* _What is needed_
Restate, word for word, each entry that follows, but skip its pictures.

* _Excerpted data_
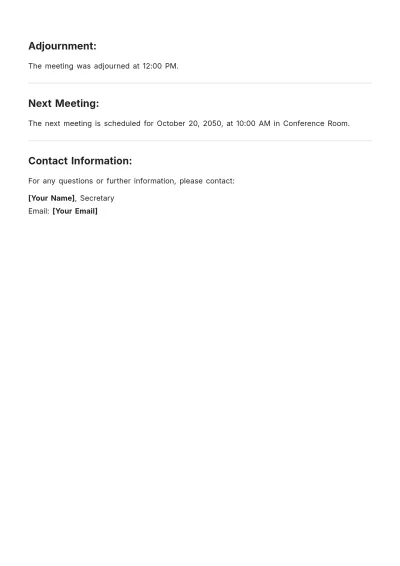 Free Media Board Meeting Minutes Template to Edit Online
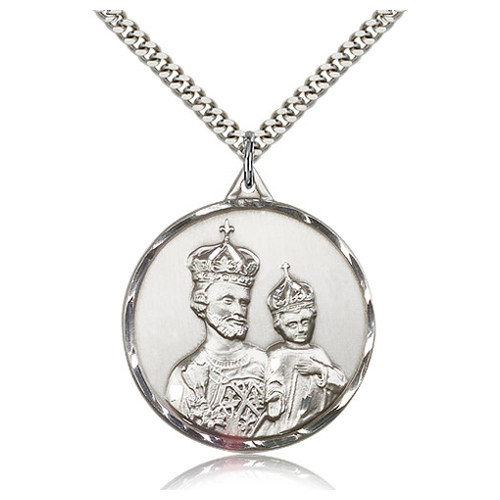 Sterling Silver 1 3/8in St Joseph Medal & 24in Chain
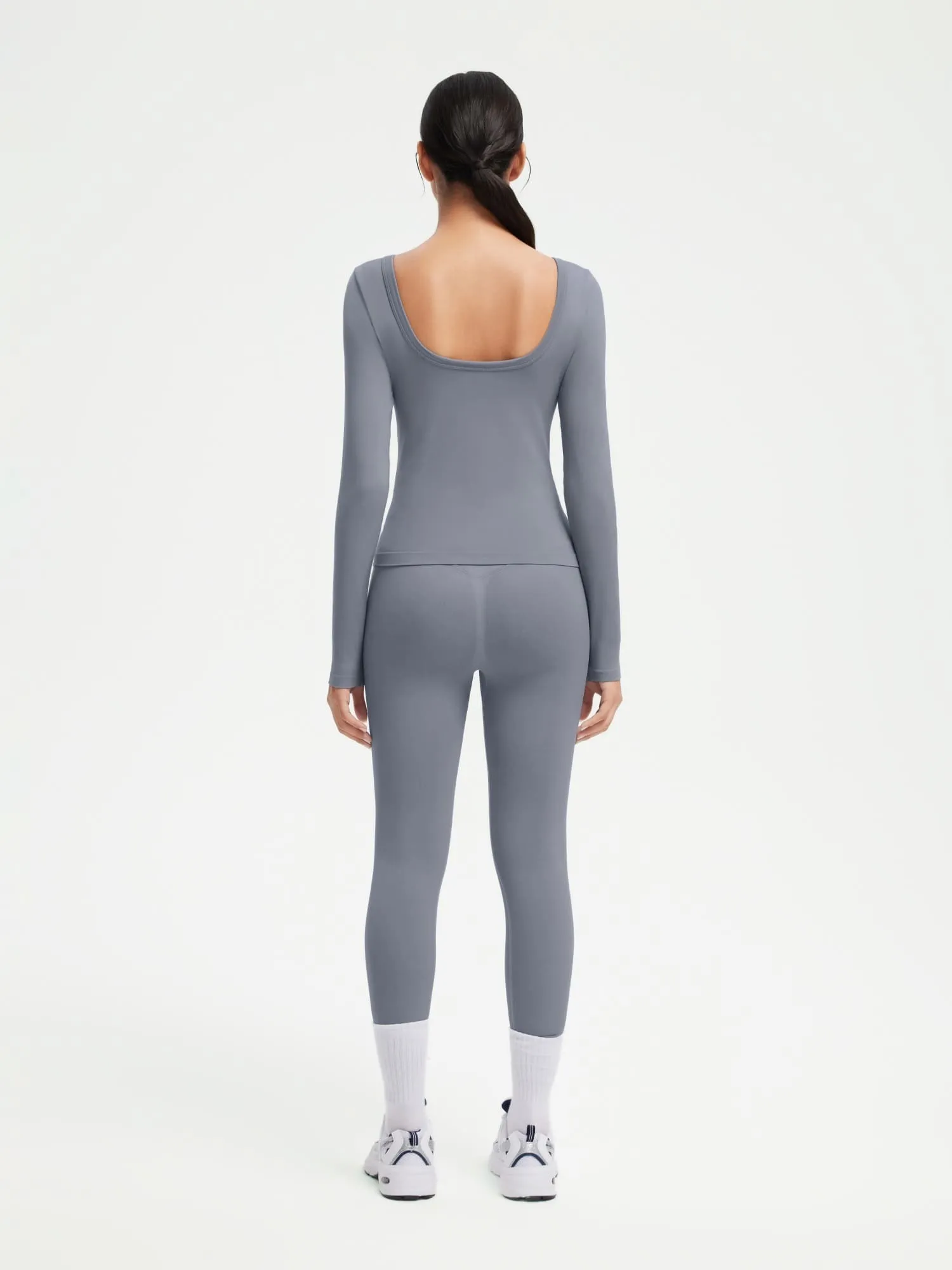 Scoop neck Seamless Leggings 2 Piece Workout Sets - Image 66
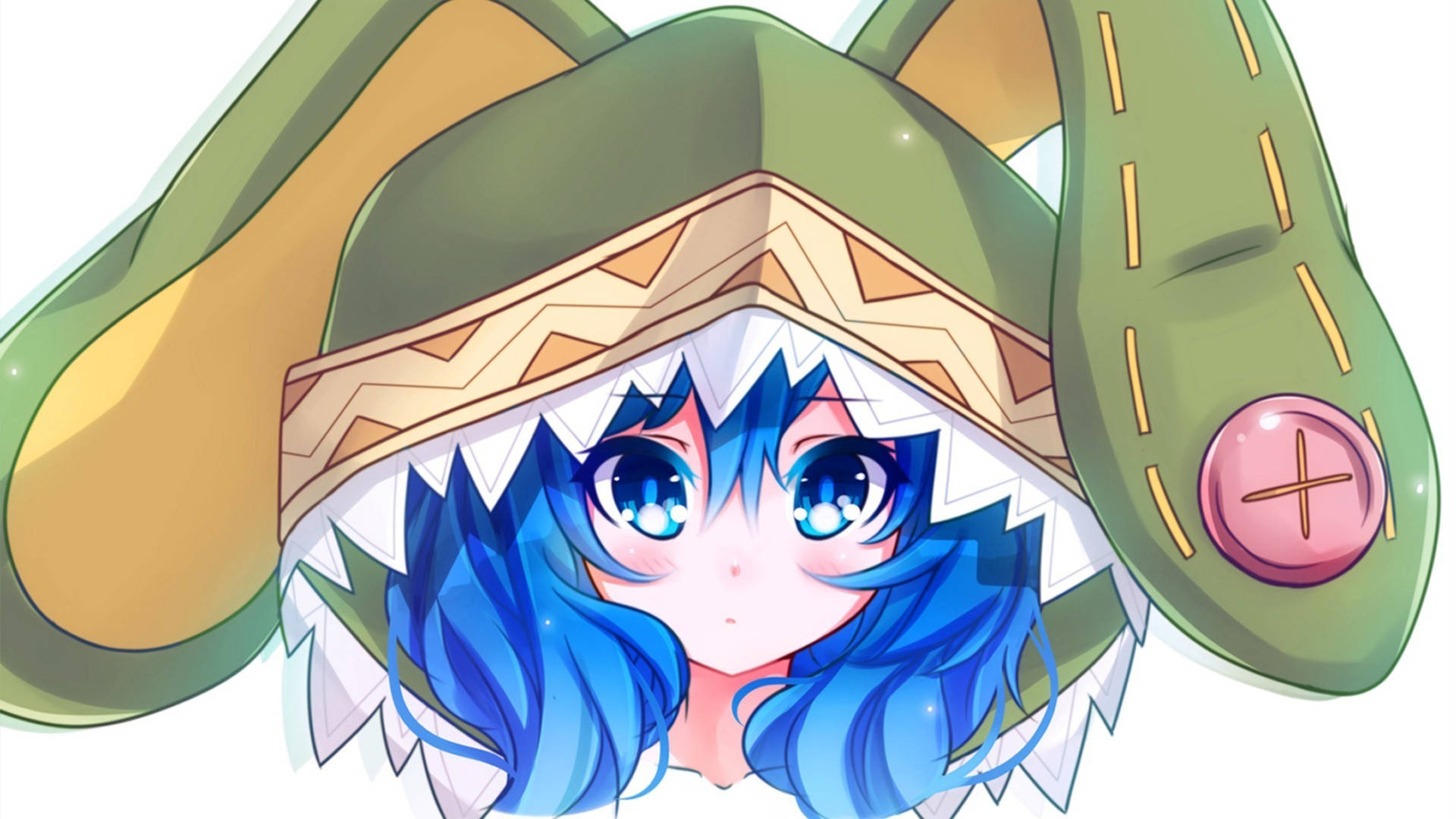 yoshino himekawa 桌布 壁紙 — 一位藍髮動漫女孩，大眼睛從帶有幾何圖案和粉紅色鈕扣的綠色連帽斗篷下探出頭來。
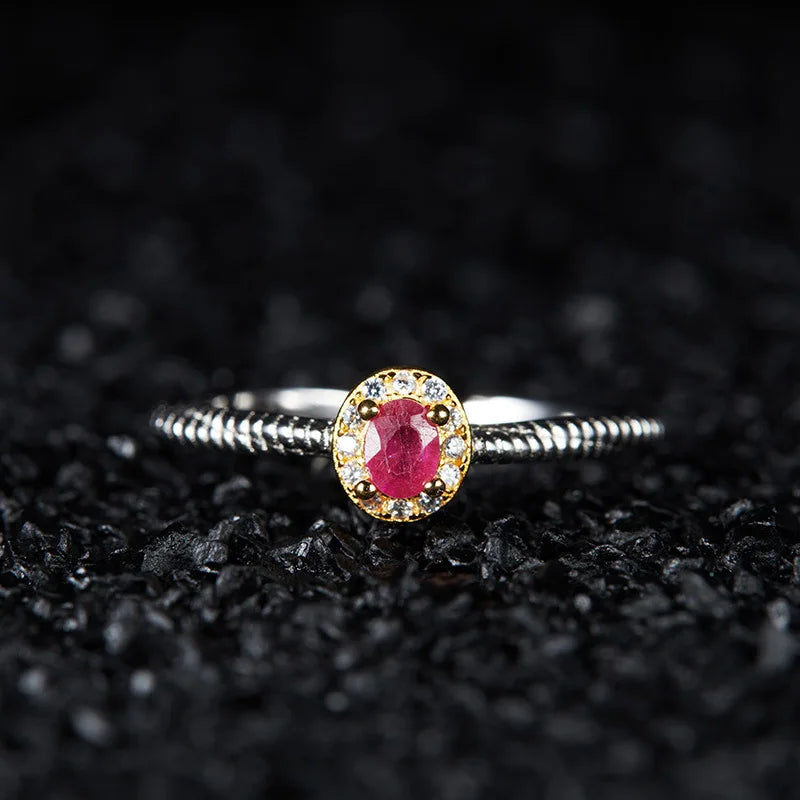 Aimgal Fine Jewelry's Newly Released S925 Silver Open Gemstone Ring Burnt Natural Ruby Wedding Friendly Instagram Popular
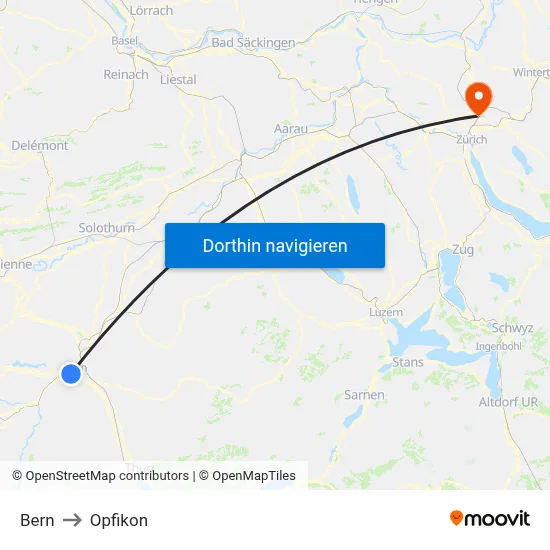 Bern to Opfikon map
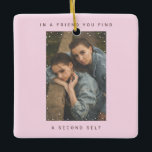 Cute Pink Two Photo Snowfall Best Friends Photo Ceramic Ornament<br><div class="desc">Minimalist Cute Pink Two Photo Snowfall Best Friends Photo Christmas Ceramic Ornament keepsake featuring your personalised photos (squared, landscape or portrait, horizontal or vertical) into snowflakes frame and with white noise film vintage overlay, and your customised holiday, name and text in stylish and modern sans serif font, the font style...</div>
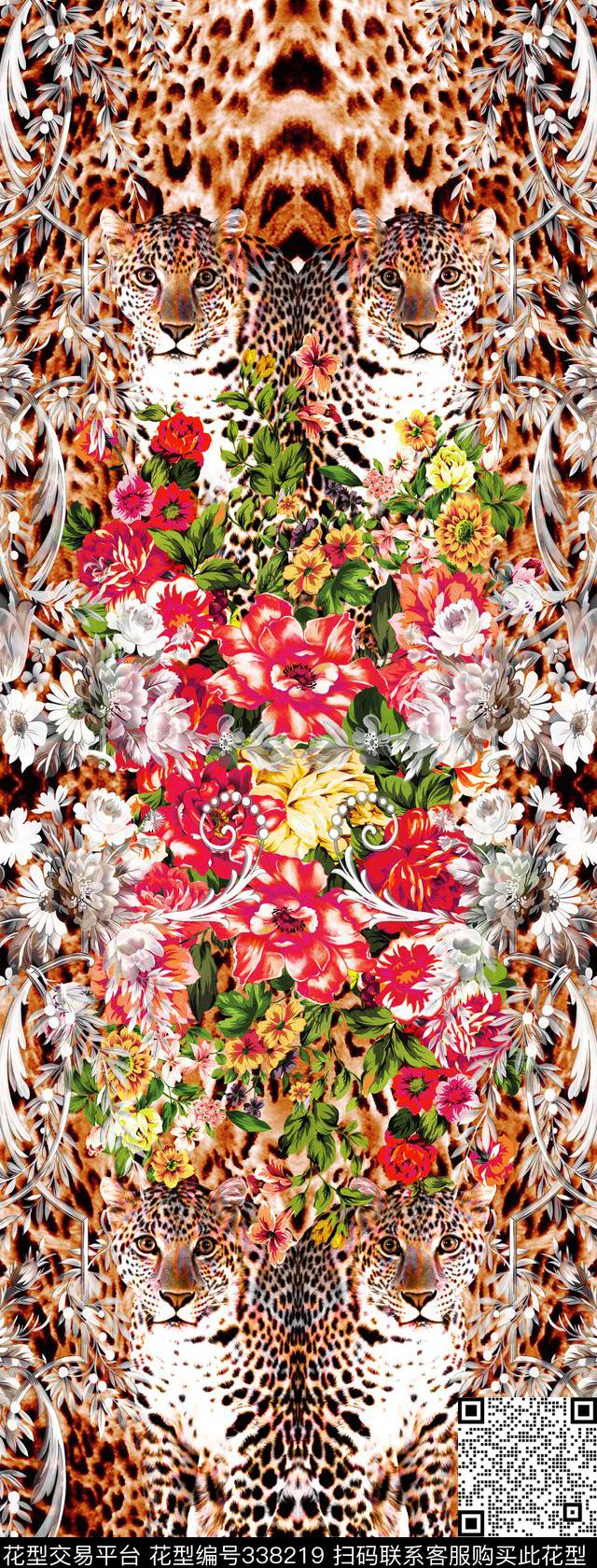 动物纹豹纹花卉女装数码印花华亿平台下载（图片编号: 338219） - 瓦栏（Walan）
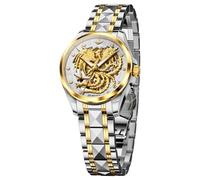 OLIPINKE Women’s Automatic Watch Rose Gold Diamond Dial Luxury Elegant Wristwatch Sapphire Crystal Luminous Waterproof, 3276:gold/white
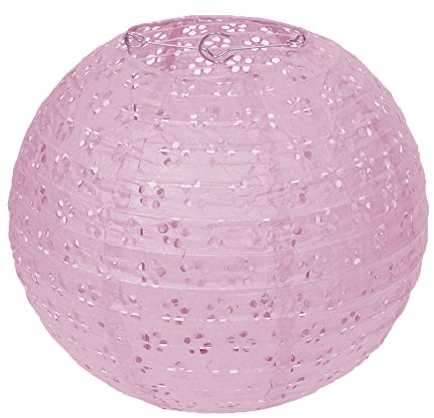 Dazone 10 Stück Papier Laterne Lampion rund Papierlampen Lampenschirm für Hochzeit Kirche Garten Party Dekoration Ballform (8 (20cm), Rosa)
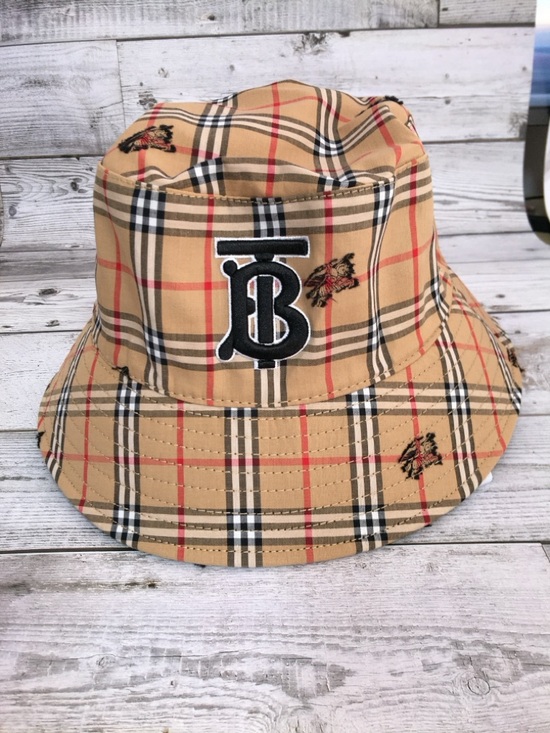 Burberry Accessories - Burberry Tan Plaid Bucket Hat with Black TB Monogram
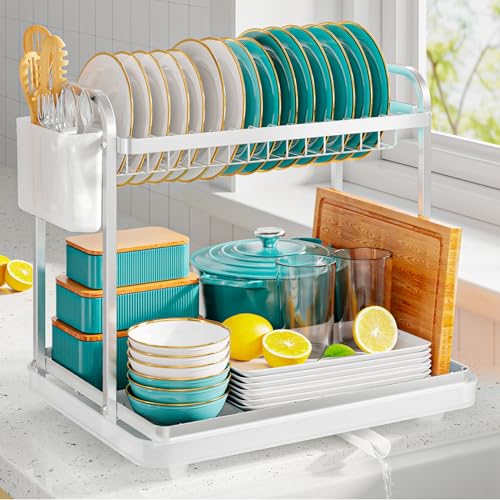 Sakugi Dish Drying Rack - Stainless Steel Dish Rack for Kitchen Counter, 2-Tier Kitchen Organizers and Storage Rack with Drainboard and Cutlery Holder, Larege, Silver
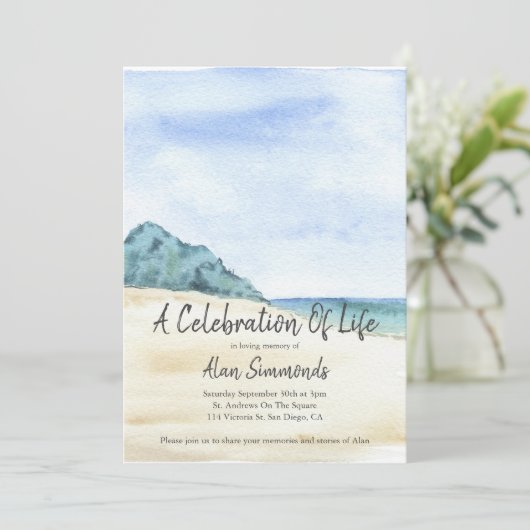生命の写真ビーチ付き水色お祝い 招待状 (スタンド正面)
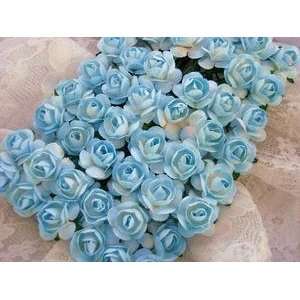  144pc Mulberry Paper 1/2 Rose Flower with Stem (Blue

* _Exercise answer_
 Free Media Board Meeting Minutes Template to Edit Online
 Sterling Silver 1 3/8in St Joseph Medal & 24in Chain
 Scoop neck Seamless Leggings 2 Piece Workout Sets - Image 66
 yoshino himekawa 桌布 壁紙 — 一位藍髮動漫女孩，大眼睛從帶有幾何圖案和粉紅色鈕扣的綠色連帽斗篷下探出頭來。
 Aimgal Fine Jewelry's Newly Released S925 Silver Open Gemstone Ring Burnt Natural Ruby Wedding Friendly Instagram Popular
 Bern to Opfikon map
 Cute Pink Two Photo Snowfall Best Friends Photo Ceramic Ornament<br><div class="desc">Minimalist Cute Pink Two Photo Snowfall Best Friends Photo Christmas Ceramic Ornament keepsake featuring your personalised photos (squared, landscape or portrait, horizontal or vertical) into snowflakes frame and with white noise film vintage overlay, and your customised holiday, name and text in stylish and modern sans serif font, the font style...</div>
 动物纹豹纹花卉女装数码印花华亿平台下载（图片编号: 338219） - 瓦栏（Walan）
 OLIPINKE Women’s Automatic Watch Rose Gold Diamond Dial Luxury Elegant Wristwatch Sapphire Crystal Luminous Waterproof, 3276:gold/white
 Dazone 10 Stück Papier Laterne Lampion rund Papierlampen Lampenschirm für Hochzeit Kirche Garten Party Dekoration Ballform (8 (20cm), Rosa)
 Burberry Accessories - Burberry Tan Plaid Bucket Hat with Black TB Monogram
 Sakugi Dish Drying Rack - Stainless Steel Dish Rack for Kitchen Counter, 2-Tier Kitchen Organizers and Storage Rack with Drainboard and Cutlery Holder, Larege, Silver
生命の写真ビーチ付き水色お祝い 招待状 (スタンド正面)
  144pc Mulberry Paper 1/2 Rose Flower with Stem (Blue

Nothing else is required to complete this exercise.